In celebration of Black Heritage Month and the birthday of human rights activists Rosa Parks, the college is currently hosting an exhibition of prints by Amos Paul Kennedy, Jr. that highlight statements made by Parks about segregation.
The exhibition is titled “Quotations of Rosa Louise Parks: Human Rights Activists” and is located at the Lass Gallery in Skillman Library from Jan. 28 to July 3.
Parks became a well-known figure of the civil rights movement in Jim Crow America after she refused to give up her bus seat to a white man in Montgomery, Ala. That day, Dec. 1, 1955, Park was arrested and convicted for violating segregation laws, which led to her losing her job as a seamstress. After her arrest, leaders of the local black community organized a bus boycott, which was led by Martin Luther King Jr.

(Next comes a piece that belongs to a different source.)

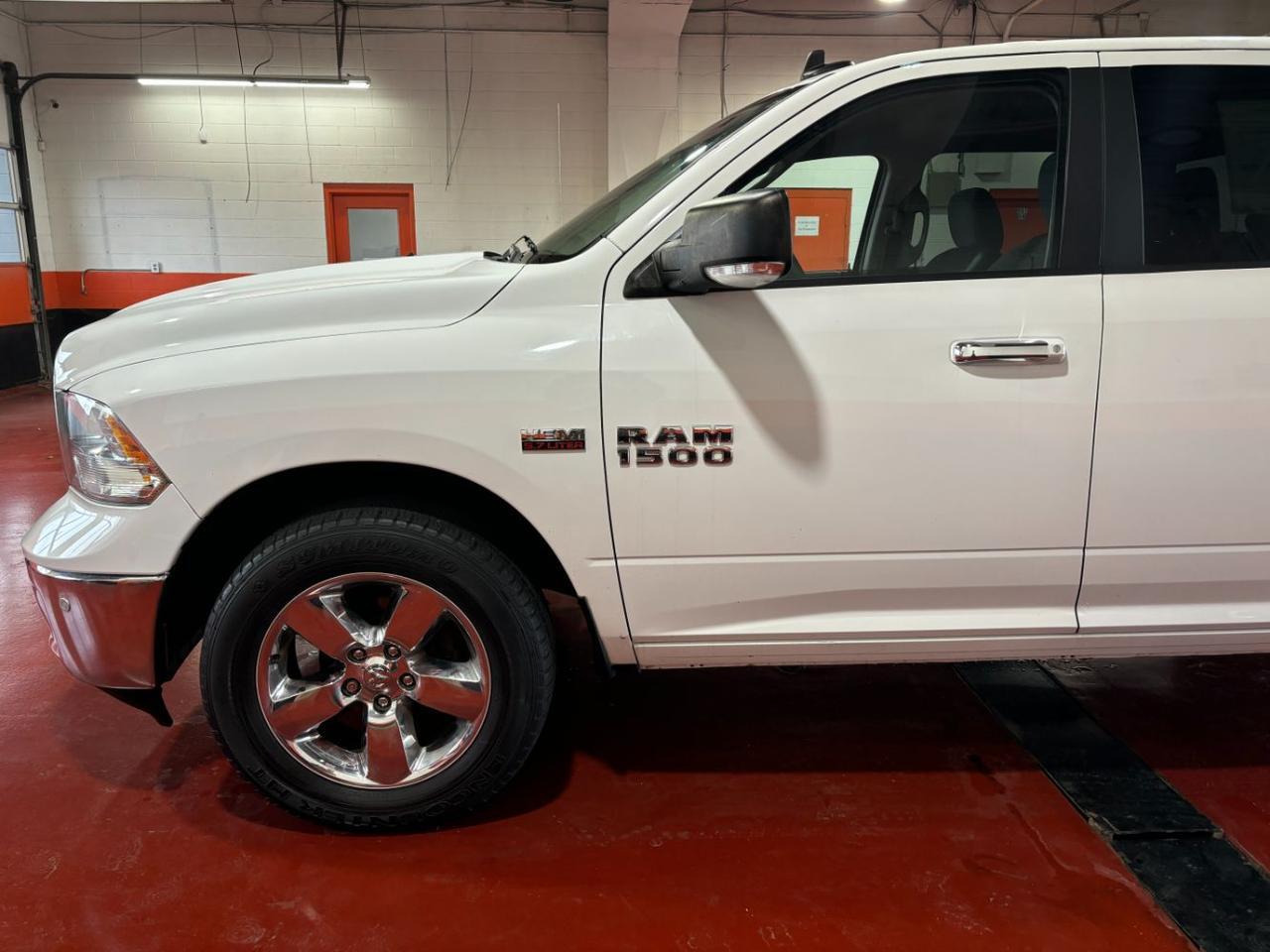 2017 Ram 1500 Big Horn Crew Cab 4x4 5'7 Box Franklin OH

Park was born in Tuskegee, Ala., on Feb. 4, 1913 and died Oct. 24, 2005.
Kennedy’s exhibition consists of multiple quotes by Parks, including, “All I was doing was trying to get home from work,” “The only tired I was, was tired of giving in,” and “Our mistreatment was just not right and I was tired of it,” among many others.
Kennedy is a printer, book artist and papermaker known for “printing posters with social and political quotes and messages related to social justice issues, especially the legacy of the American civil rights movement,” according to the exhibition biography.

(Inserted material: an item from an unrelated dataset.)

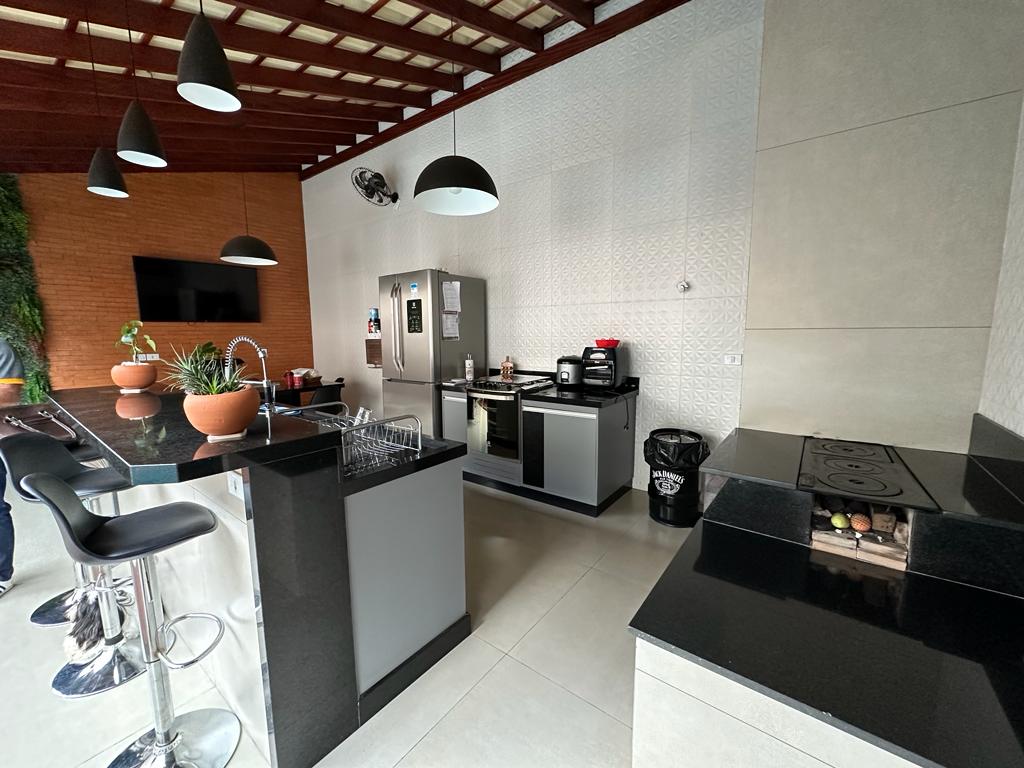 Casa à venda com 3 quartos, 250m² - Foto 15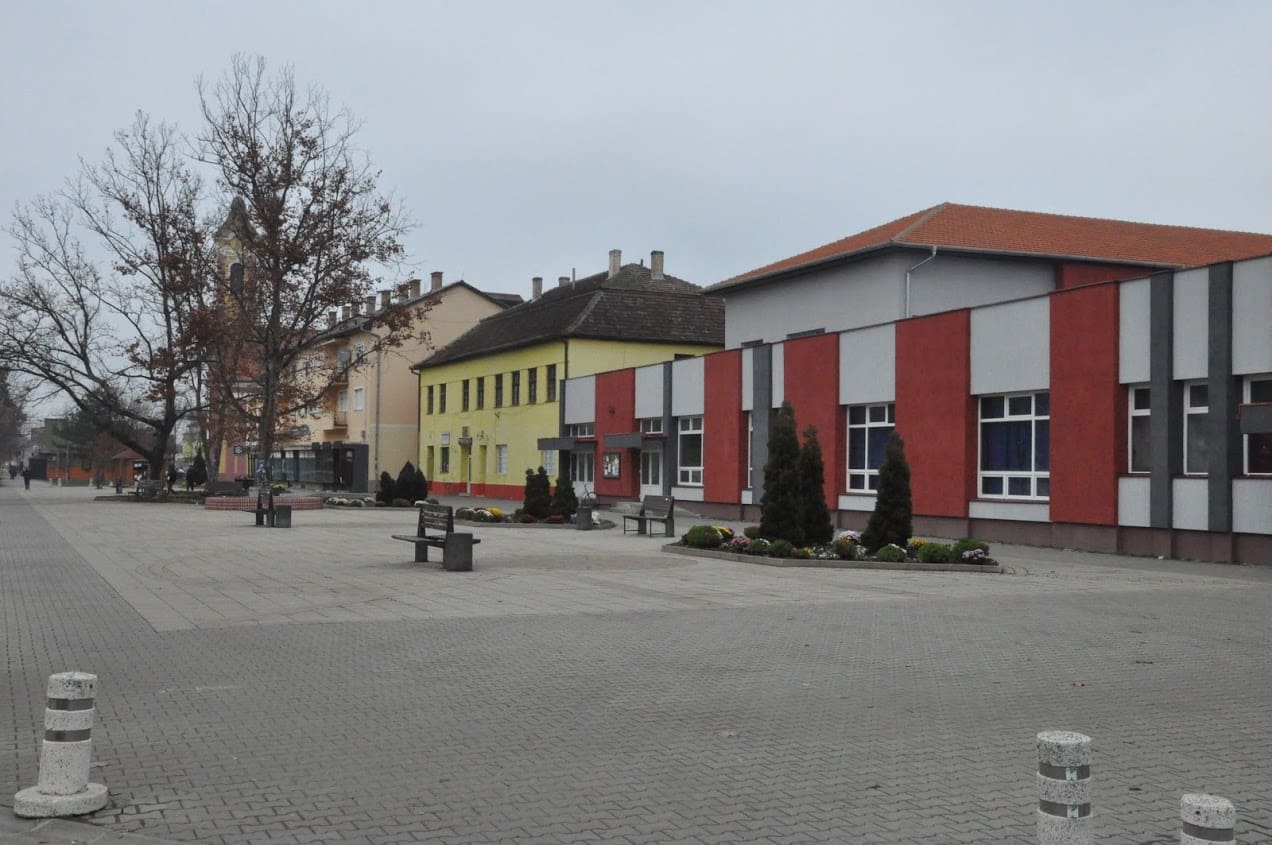 20151212 zitiste selo opstina crkva ulica spomeni (23)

An email sent to students by the Intercultural Development Office stated that the theme for this year’s Black Heritage Month is “Ubuntu,” which is “a complex word from the Nguni language with several definitions.”

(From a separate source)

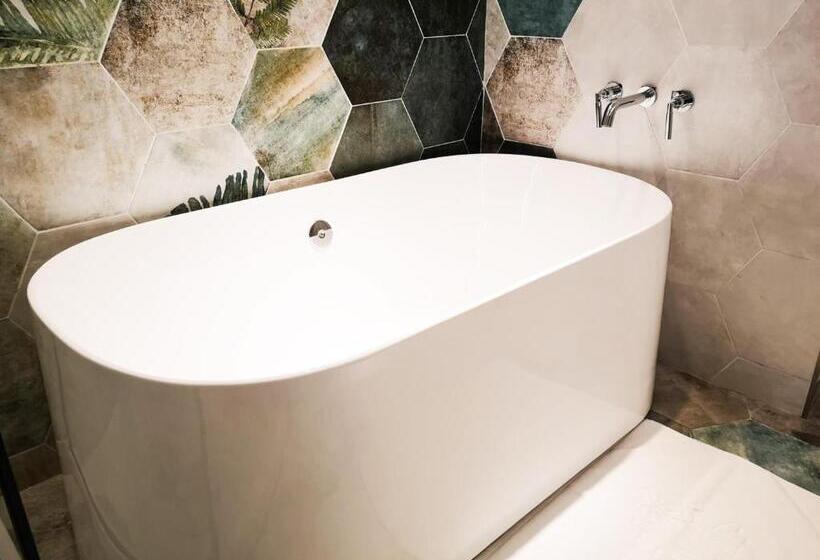 اتاق خانوادگی, Beachcastle & Sea View Villa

According to the email, the various definitions all come to a main idea of an existing connection between people. “Put simple, [it means] ‘I am because we are.’”
The college is hosting other events in honor of Black Heritage Month including a talk by co-founder and former chairman of Black Panther Party Bobby Seale on Feb. 12, a panel discussion titled “Black When Shakespeare Was Black: A Panel Discussion on Teaching Race” on Feb. 19, and a talk called “The Brothers of Lafayette BHM Lecture: Cross-Generational Experiences of Black Male College Students,” which will be given by Dean of Students Chris Hunt and Charles Evans ‘19.